DATA EXTRACT below:

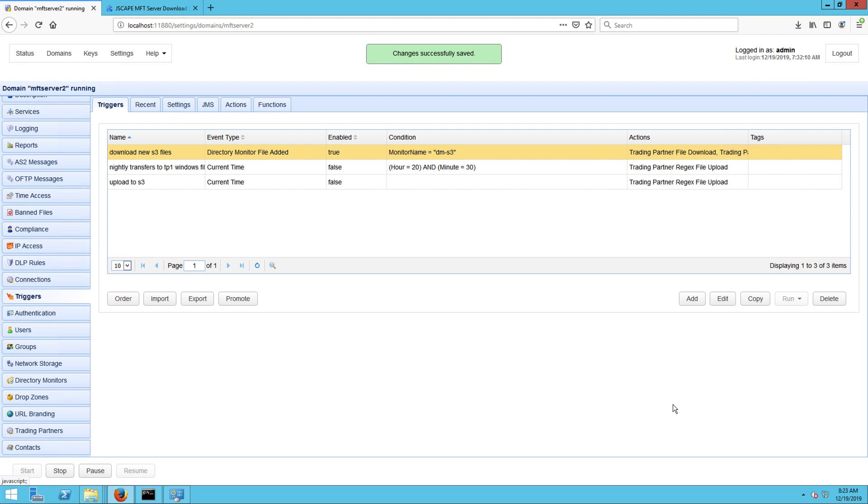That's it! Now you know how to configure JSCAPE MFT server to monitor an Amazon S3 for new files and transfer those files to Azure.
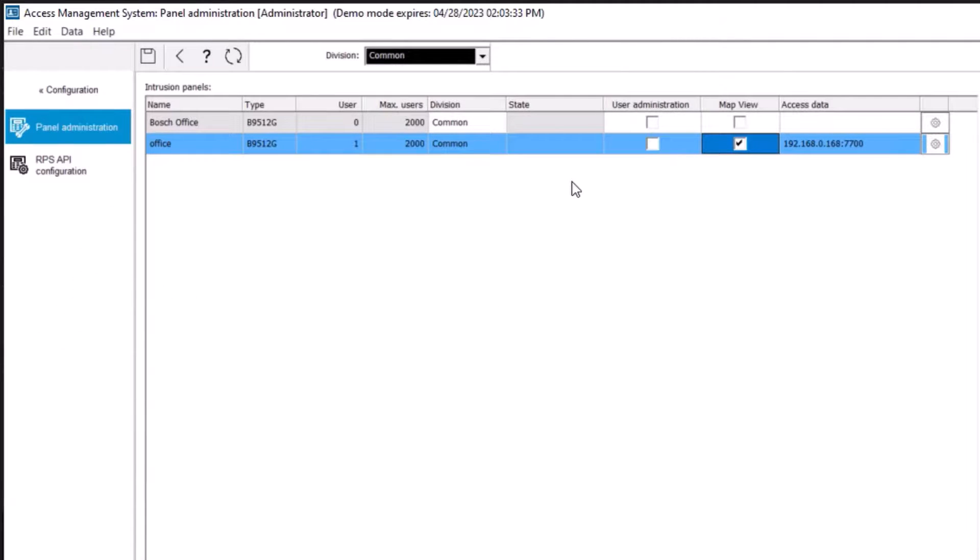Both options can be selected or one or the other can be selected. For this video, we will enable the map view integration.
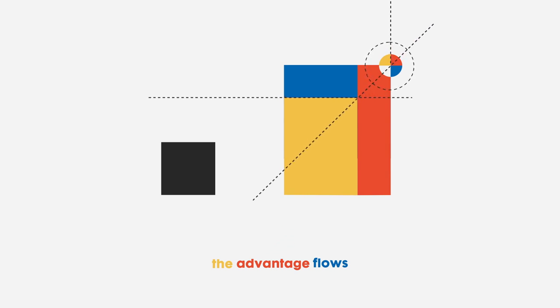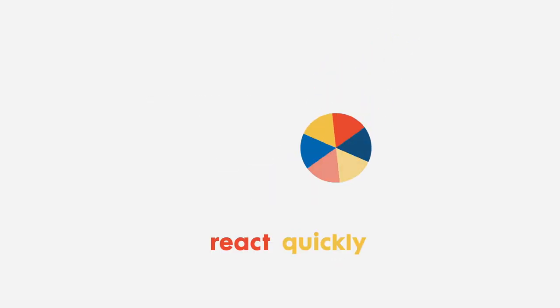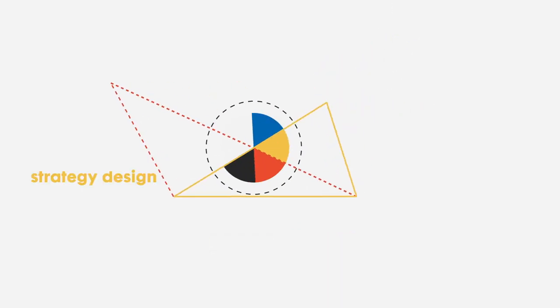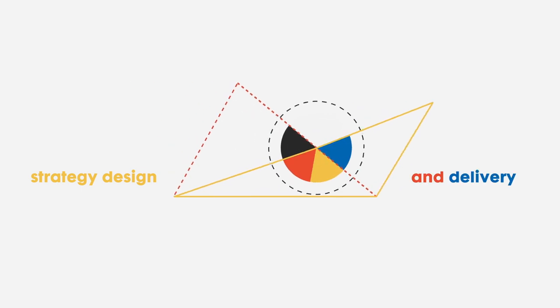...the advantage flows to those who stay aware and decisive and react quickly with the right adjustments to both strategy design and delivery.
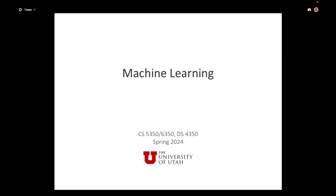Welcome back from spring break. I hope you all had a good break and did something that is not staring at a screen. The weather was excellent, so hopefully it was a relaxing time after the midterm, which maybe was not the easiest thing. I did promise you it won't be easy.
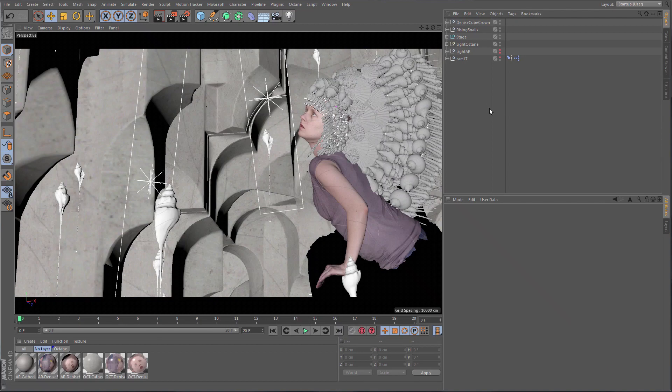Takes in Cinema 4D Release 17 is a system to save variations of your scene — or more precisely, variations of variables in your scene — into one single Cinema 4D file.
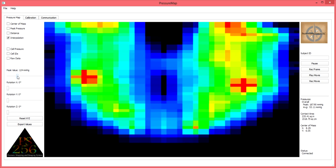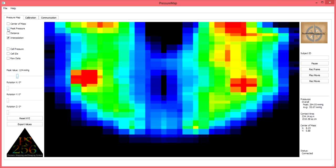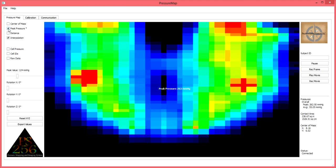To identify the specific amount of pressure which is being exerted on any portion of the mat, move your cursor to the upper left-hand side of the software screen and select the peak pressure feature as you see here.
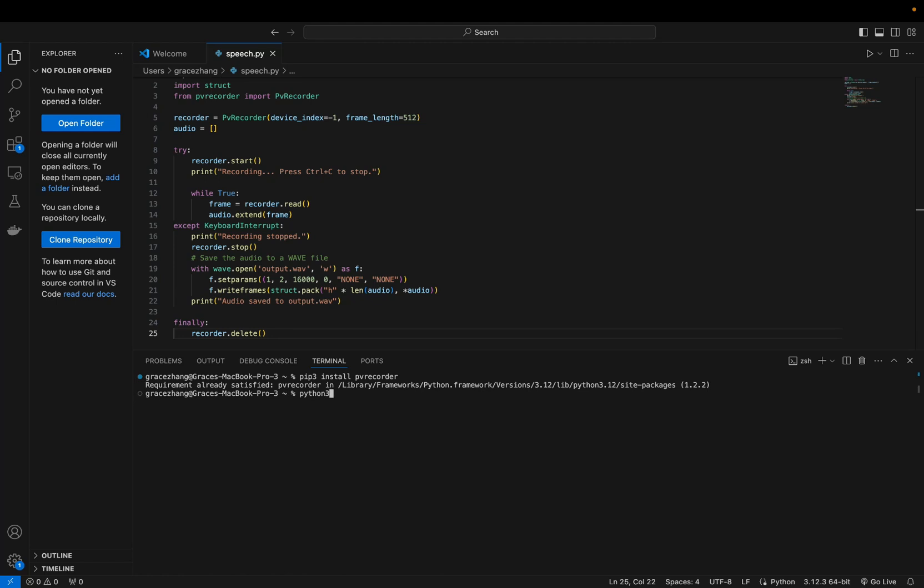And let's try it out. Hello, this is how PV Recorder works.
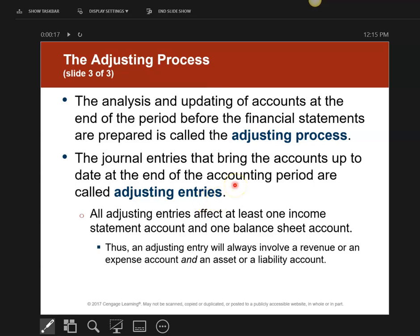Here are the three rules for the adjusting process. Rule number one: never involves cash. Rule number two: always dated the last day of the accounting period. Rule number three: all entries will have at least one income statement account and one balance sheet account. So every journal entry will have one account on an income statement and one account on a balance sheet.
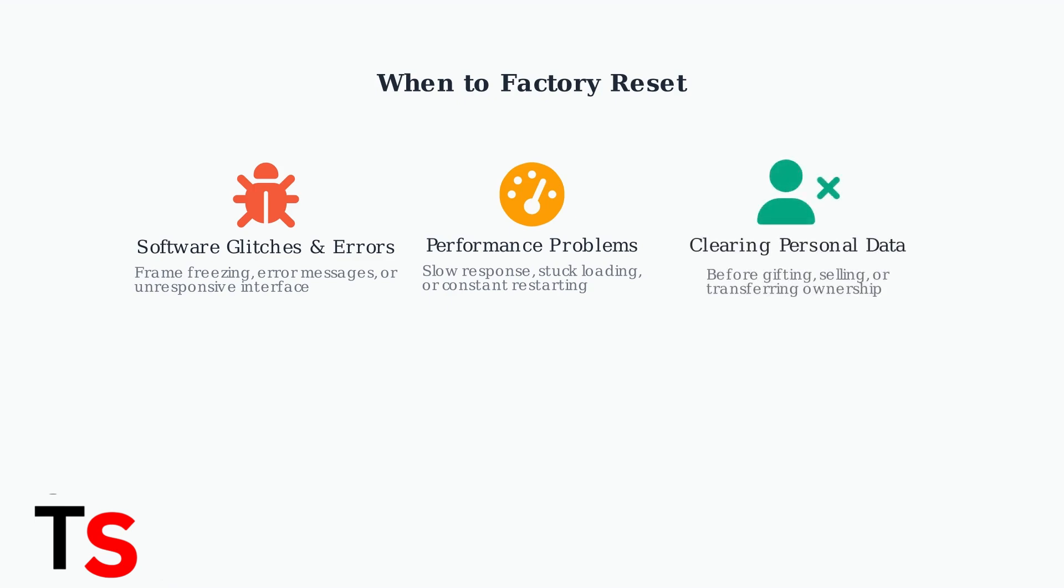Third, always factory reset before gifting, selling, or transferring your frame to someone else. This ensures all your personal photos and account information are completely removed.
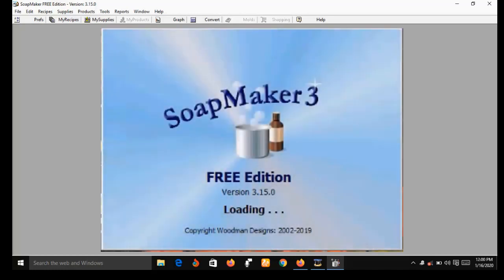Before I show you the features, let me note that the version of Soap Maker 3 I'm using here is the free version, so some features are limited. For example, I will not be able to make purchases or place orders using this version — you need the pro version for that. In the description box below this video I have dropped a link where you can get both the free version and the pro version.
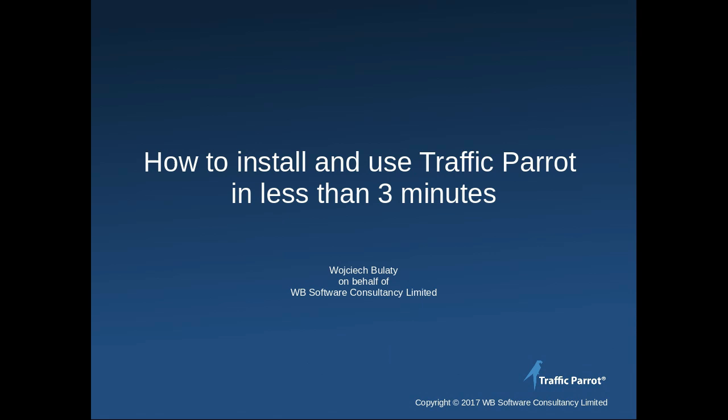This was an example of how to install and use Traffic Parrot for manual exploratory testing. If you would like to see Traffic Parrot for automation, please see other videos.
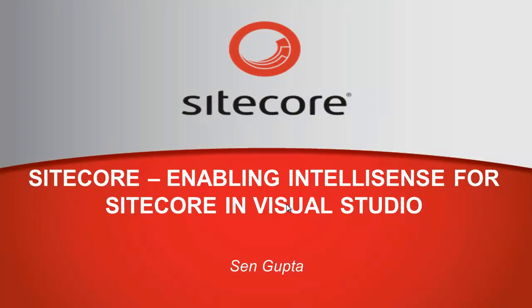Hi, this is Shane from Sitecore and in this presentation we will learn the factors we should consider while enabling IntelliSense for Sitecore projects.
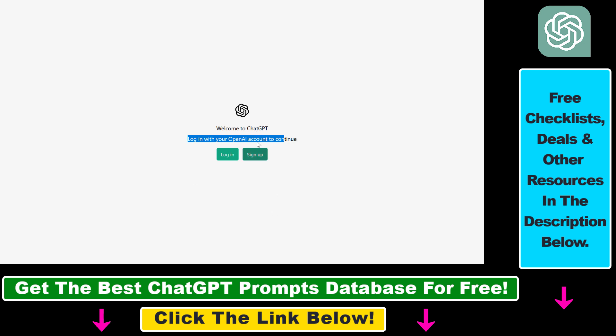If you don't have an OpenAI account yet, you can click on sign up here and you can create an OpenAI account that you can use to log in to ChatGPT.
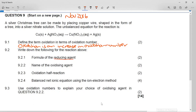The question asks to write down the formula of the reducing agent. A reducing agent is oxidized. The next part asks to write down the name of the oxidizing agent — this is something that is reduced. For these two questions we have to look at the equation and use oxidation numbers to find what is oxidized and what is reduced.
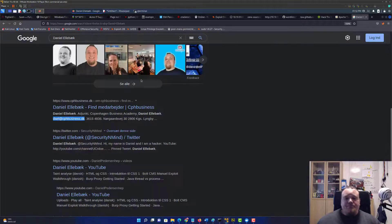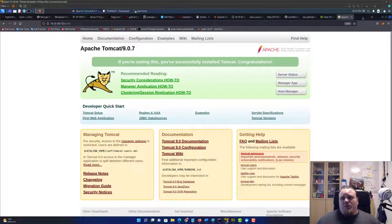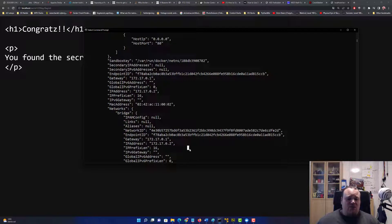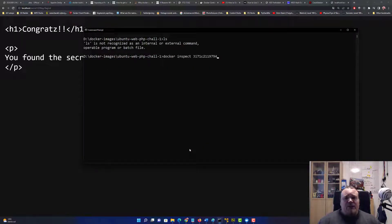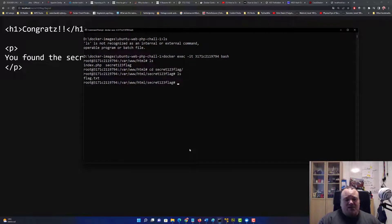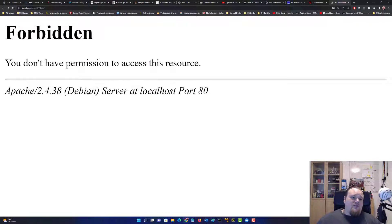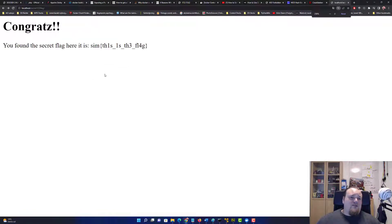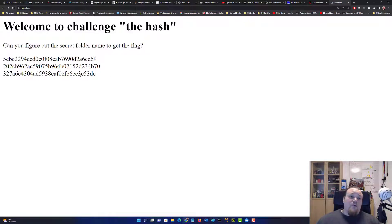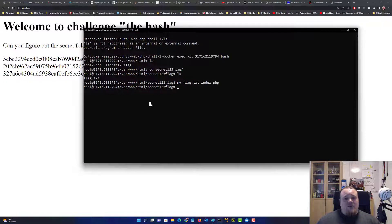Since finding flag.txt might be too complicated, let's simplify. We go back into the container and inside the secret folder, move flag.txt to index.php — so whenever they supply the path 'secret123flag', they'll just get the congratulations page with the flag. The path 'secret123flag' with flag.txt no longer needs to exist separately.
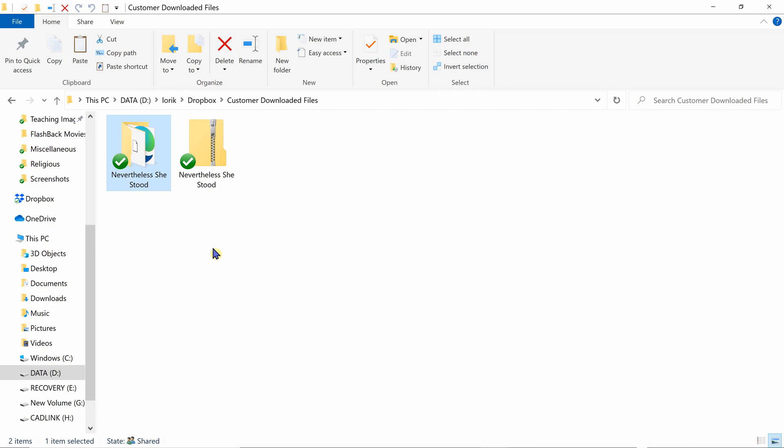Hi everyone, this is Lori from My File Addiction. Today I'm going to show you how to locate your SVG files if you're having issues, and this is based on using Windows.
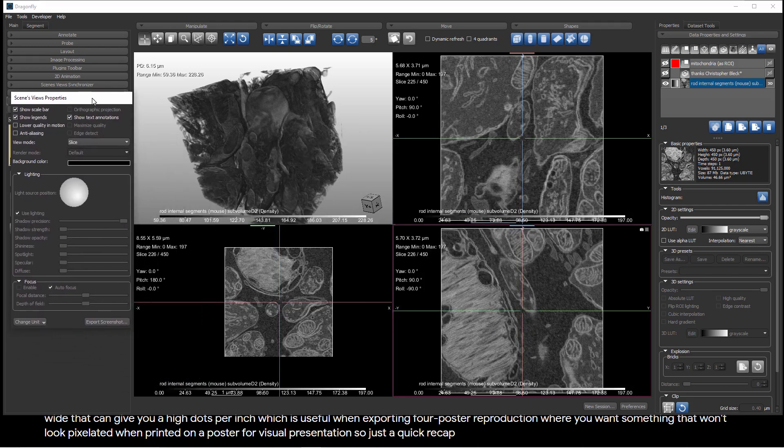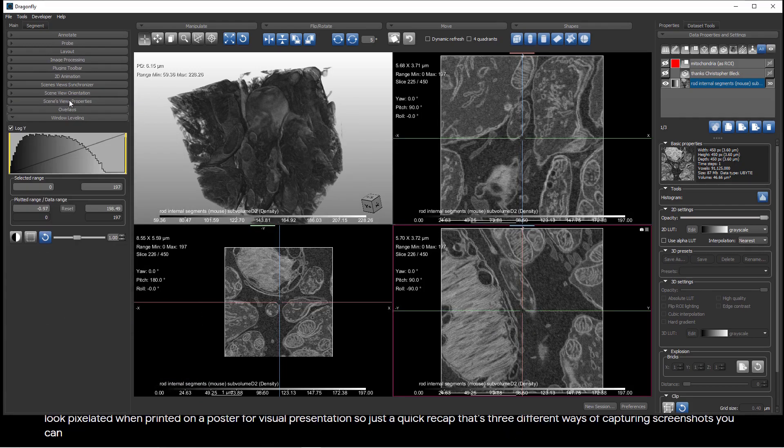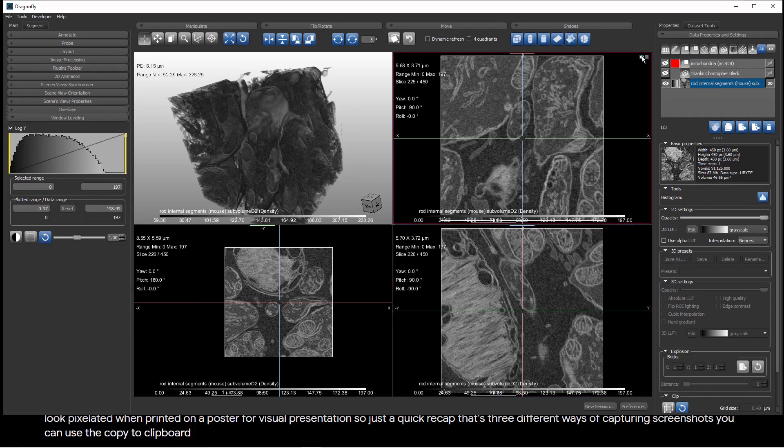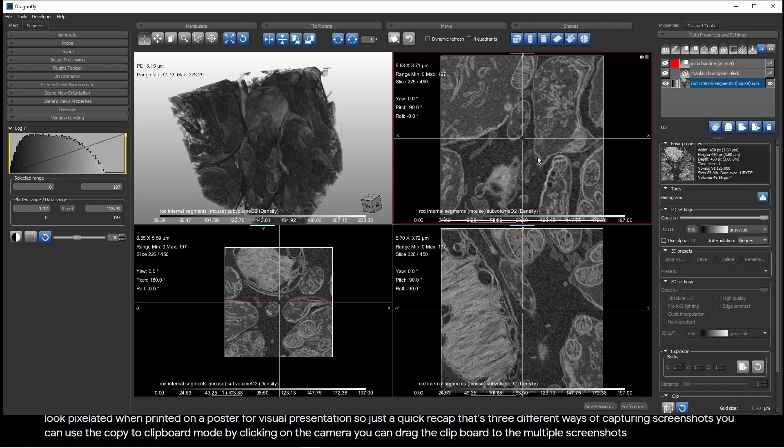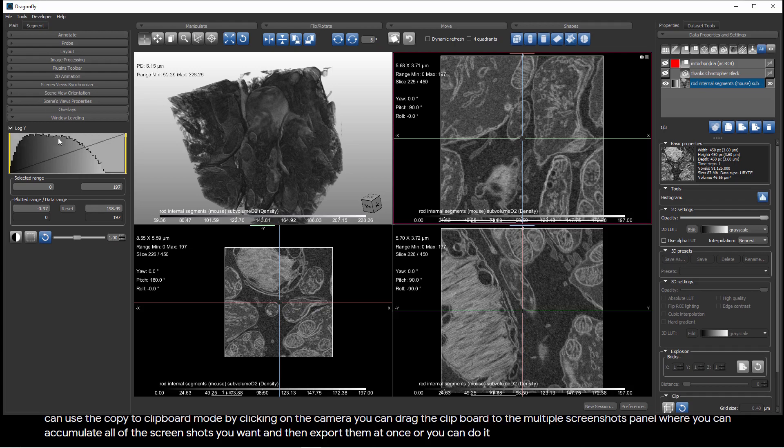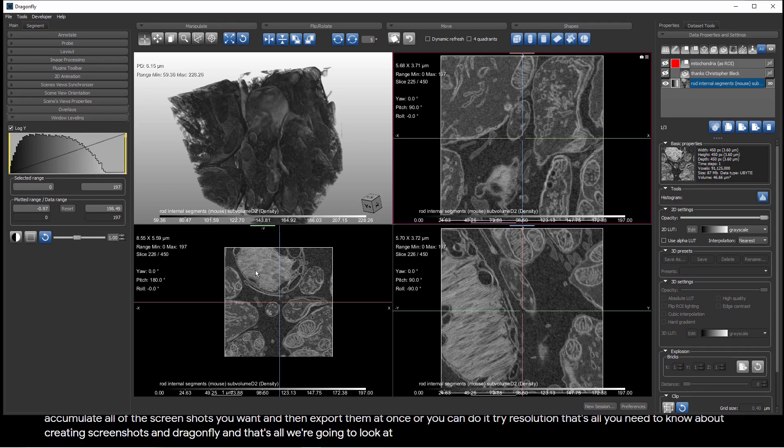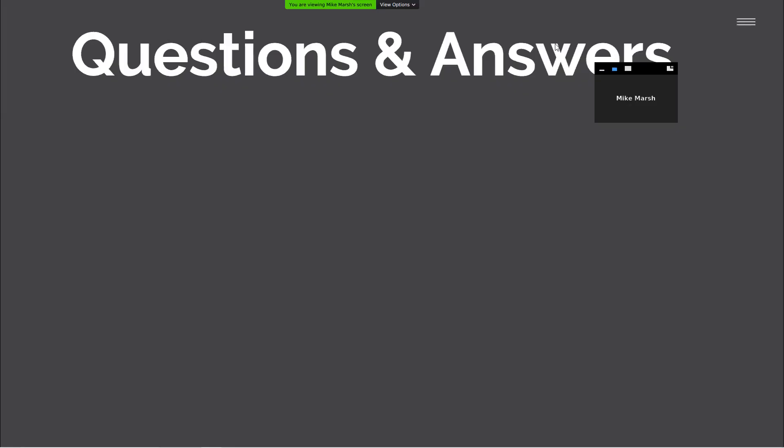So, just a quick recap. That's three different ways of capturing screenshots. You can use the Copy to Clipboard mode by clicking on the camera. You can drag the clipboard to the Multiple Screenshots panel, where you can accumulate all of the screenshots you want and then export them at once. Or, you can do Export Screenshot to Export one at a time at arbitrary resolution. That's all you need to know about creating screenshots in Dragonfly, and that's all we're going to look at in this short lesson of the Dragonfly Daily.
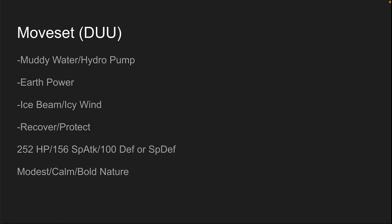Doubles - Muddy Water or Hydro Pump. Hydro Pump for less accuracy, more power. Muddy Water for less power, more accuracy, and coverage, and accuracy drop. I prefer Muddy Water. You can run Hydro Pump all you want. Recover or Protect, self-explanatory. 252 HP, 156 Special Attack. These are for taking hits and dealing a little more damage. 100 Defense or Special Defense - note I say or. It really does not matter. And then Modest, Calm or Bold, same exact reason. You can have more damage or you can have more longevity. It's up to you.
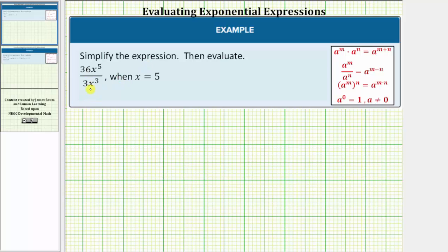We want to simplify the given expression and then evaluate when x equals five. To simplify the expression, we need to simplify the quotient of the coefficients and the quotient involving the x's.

End of DATA EXTRACT.

■ WHAT YOU SHOULD DO ■
Above are some records; quote exactly and only the lines that begin at the line containing "Welcome back from" and stop after the line containing "Third, always factory", leaving out the pictures.

■ YOUR SOLUTION ■
Welcome back from spring break. I hope you all had a good break and did something that is not staring at a screen. The weather was excellent, so hopefully it was a relaxing time after the midterm, which maybe was not the easiest thing. I did promise you it won't be easy.
Takes in Cinema 4D Release 17 is a system to save variations of your scene — or more precisely, variations of variables in your scene — into one single Cinema 4D file.
To identify the specific amount of pressure which is being exerted on any portion of the mat, move your cursor to the upper left-hand side of the software screen and select the peak pressure feature as you see here.
And let's try it out. Hello, this is how PV Recorder works.
Here are the three rules for the adjusting process. Rule number one: never involves cash. Rule number two: always dated the last day of the accounting period. Rule number three: all entries will have at least one income statement account and one balance sheet account. So every journal entry will have one account on an income statement and one account on a balance sheet.
Third, always factory reset before gifting, selling, or transferring your frame to someone else. This ensures all your personal photos and account information are completely removed.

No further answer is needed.